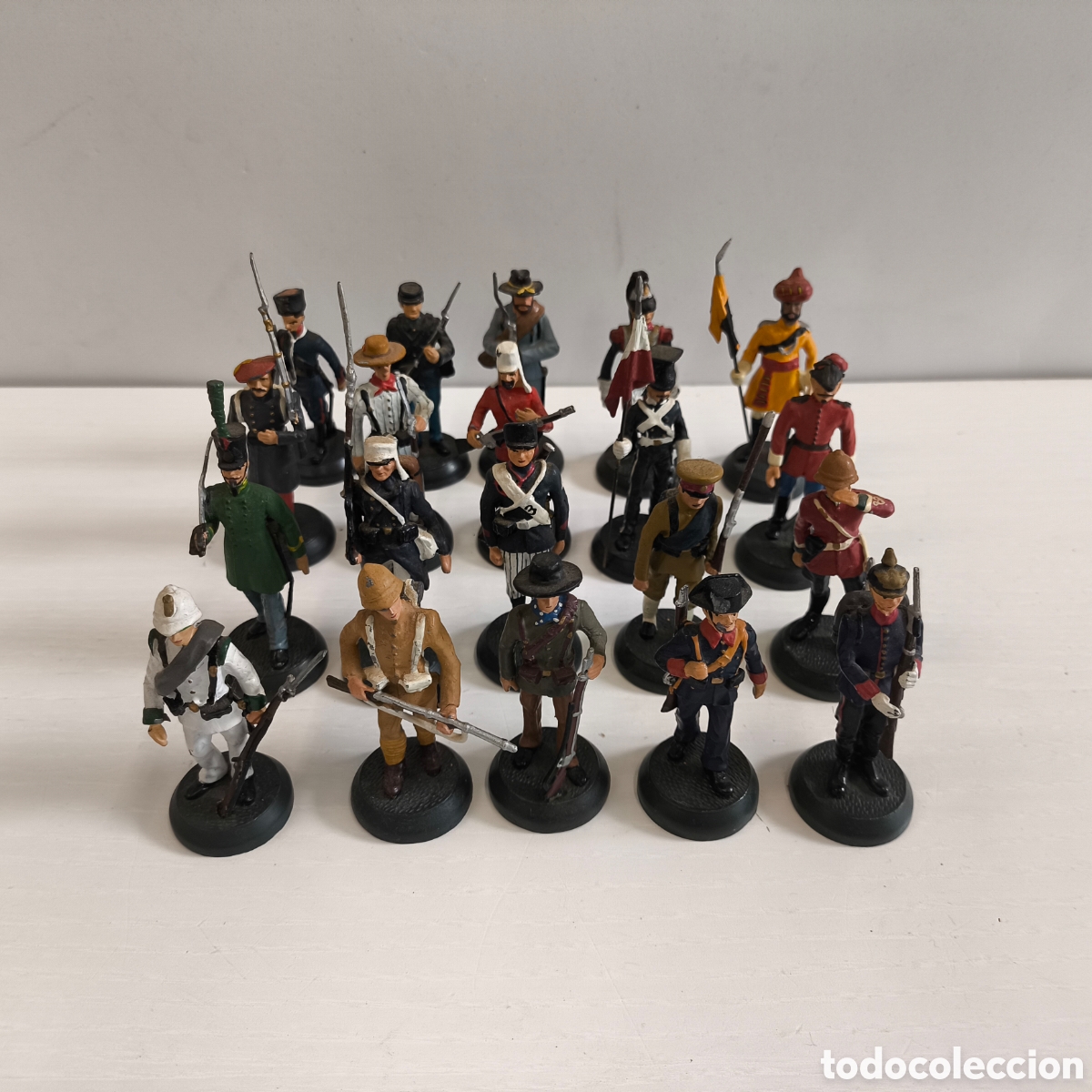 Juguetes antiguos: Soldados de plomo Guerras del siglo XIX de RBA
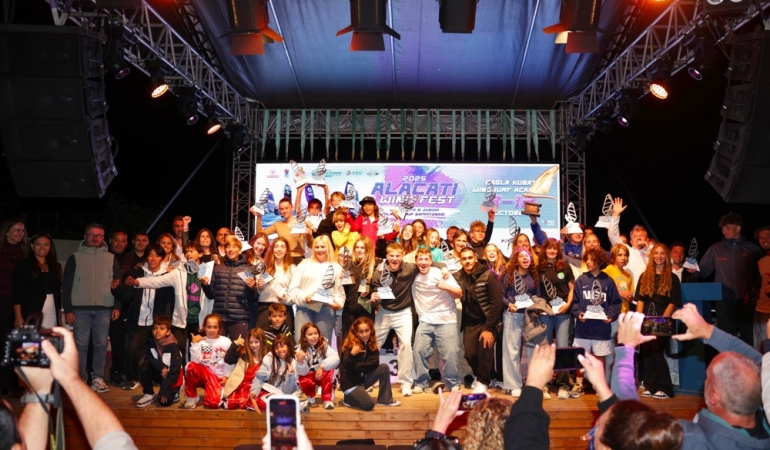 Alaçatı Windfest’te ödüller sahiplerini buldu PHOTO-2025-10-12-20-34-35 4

--

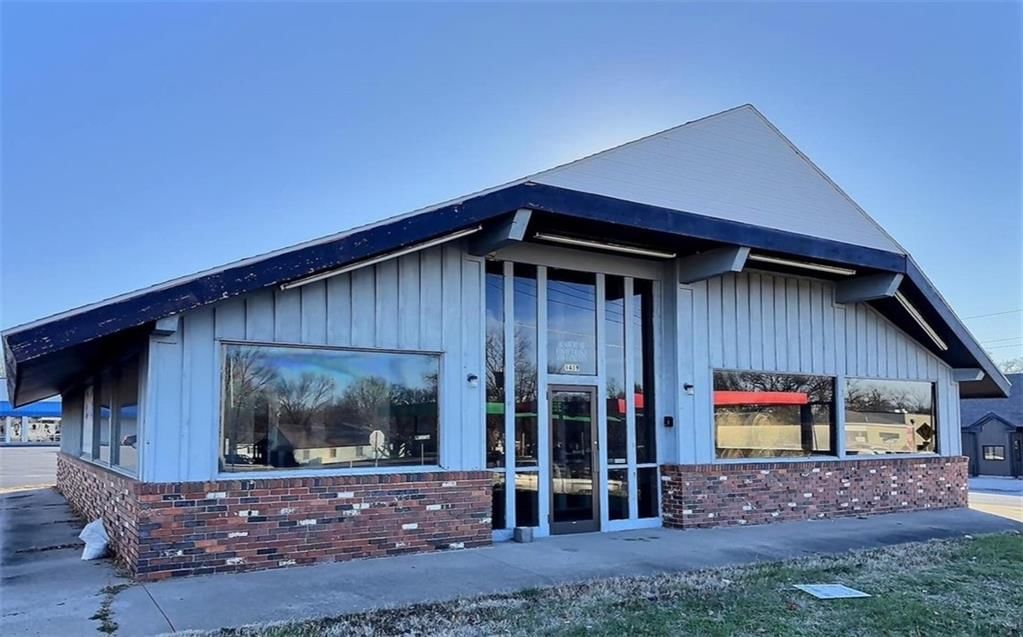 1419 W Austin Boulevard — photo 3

**Required action**
In the records above, find the line containing "Juguetes antiguos: Soldados" and the line containing "Alaçatı Windfest’te ödüller", then give both of them again word for word along with every line between. Omit any pictures.

**Worked solution**
 Juguetes antiguos: Soldados de plomo Guerras del siglo XIX de RBA
 Alaçatı Windfest’te ödüller sahiplerini buldu PHOTO-2025-10-12-20-34-35 4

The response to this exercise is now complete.